This project implements a real-time DDoS anomaly detection system using an Isolation Forest model applied to temporally aggregated network flow data. The system analyzes traffic in rolling windows, performs statistical feature aggregation, and visualizes anomalies through a live web-based dashboard.
The application consists of:
- A feature engineering and model inference pipeline
- A multithreaded streaming engine
- A Flask-based dashboard interface
- PCA-based visualization of high-dimensional traffic behavior
The objective is to detect coordinated anomalous behavior across correlated network features rather than relying on single-metric thresholding.

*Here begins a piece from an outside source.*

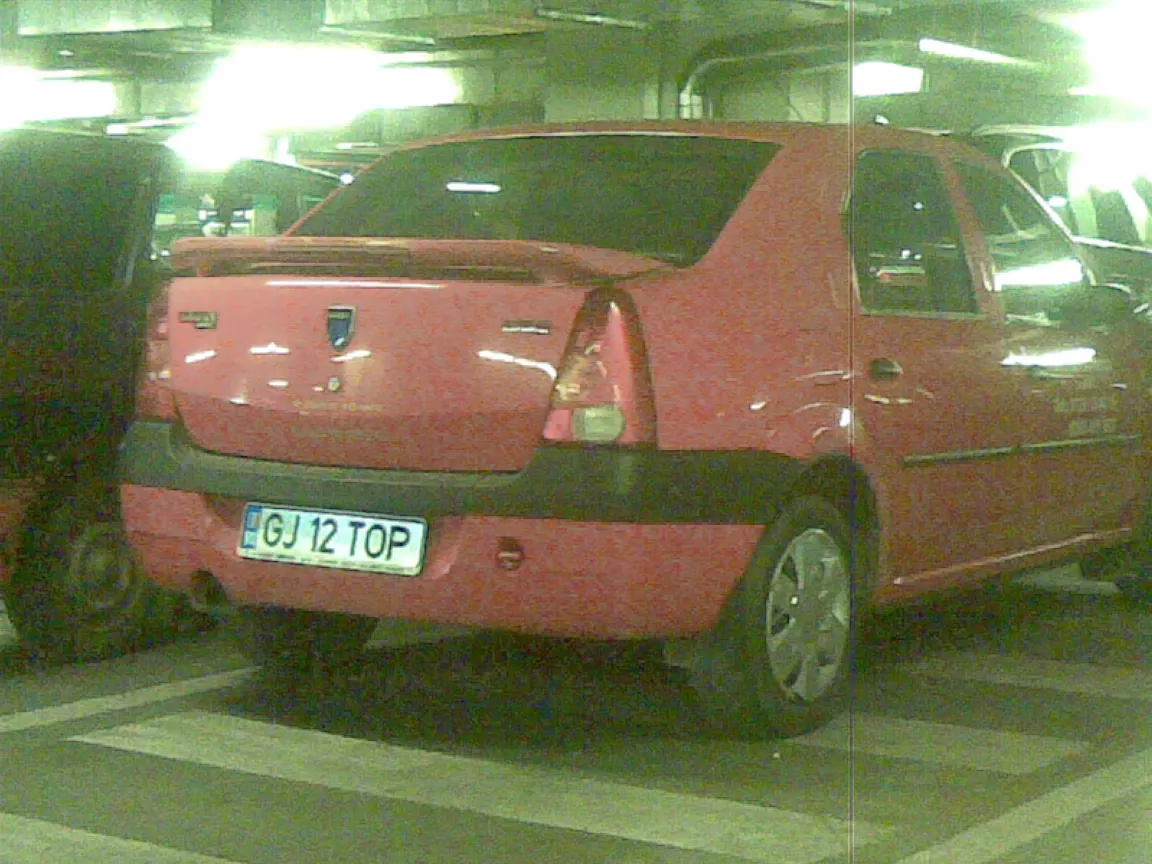 Parcat pe trecerea de pietoni, în parcarea unui supermarket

Traffic is processed in rolling windows of 50 flows. Instead of scoring individual rows independently, each window is aggregated into statistical features:
- Mean
- Standard deviation
- Minimum
- Maximum
This transforms raw flow data into a behavioral representation of network activity over time.

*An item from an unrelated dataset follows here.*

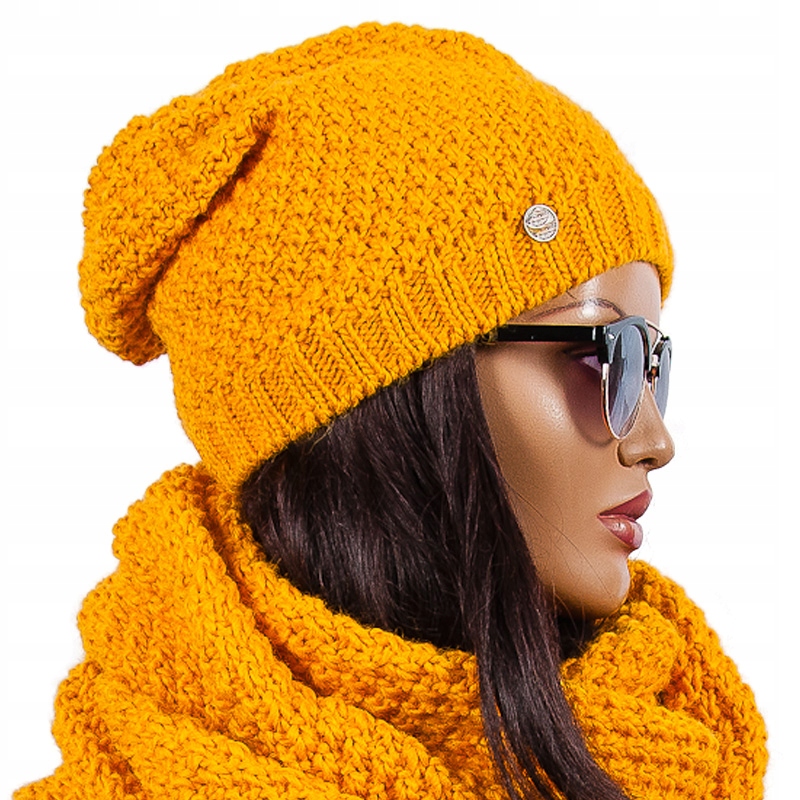 

Czapka Zimowa Beanie Damska Ciepła Smerfetka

An anomaly flag indicates that the window as a whole deviates from learned normal patterns. It does not imply that every individual flow inside that window is malicious.
This approach enables detection of coordinated DDoS characteristics such as:
- Elevated packet rates
- Abnormal SYN flag concentrations
- Timing irregularities
- Correlated byte distribution shifts
The model uses an Isolation Forest trained on benign traffic windows.
Key properties:
- Unsupervised anomaly detection
- Operates in high-dimensional feature space
- Produces a decision score per window
- Lower score indicates more anomalous behavior
A calibrated threshold derived from validation quantiles determines anomaly classification.

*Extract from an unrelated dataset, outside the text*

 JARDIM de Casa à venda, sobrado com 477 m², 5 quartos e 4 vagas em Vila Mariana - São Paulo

The dashboard visualizes traffic windows using the first two principal components (PC1 and PC2).
Principal Component Analysis reduces the high-dimensional feature space into a 2D projection that preserves maximum variance structure.
This visualization:
- Does not influence model predictions
- Provides interpretability of traffic distribution
- Highlights displacement of anomalous windows from normal clusters
- Python
- Flask
- Scikit-learn
- Multithreaded streaming worker
- Thread-safe queue for UI updates
The worker thread:
- Streams CSV flow data
- Maintains a rolling buffer of 50 flows
- Aggregates window statistics
- Computes anomaly score
- Updates log output, PCA projection, score metrics, and anomaly counters
- Tailwind CSS
- Chart.js scatter visualization
- Polling-based live updates
- Smart autoscroll for alert log
- Dynamic anomaly counter
- Worst score tracking
The UI displays:
- Total anomalies detected
- Alert threshold
- Last anomaly score
- Worst score observed
- Real-time log output
- PCA cluster visualization
Csv_stream/
- aggregator.py
- config.py
- detector.py
- loader.py
gui/
- app.py
- templates/
- index.html
- Upload network flow CSV.
- Worker thread begins streaming analysis.
- Each 50-row window is aggregated and scored.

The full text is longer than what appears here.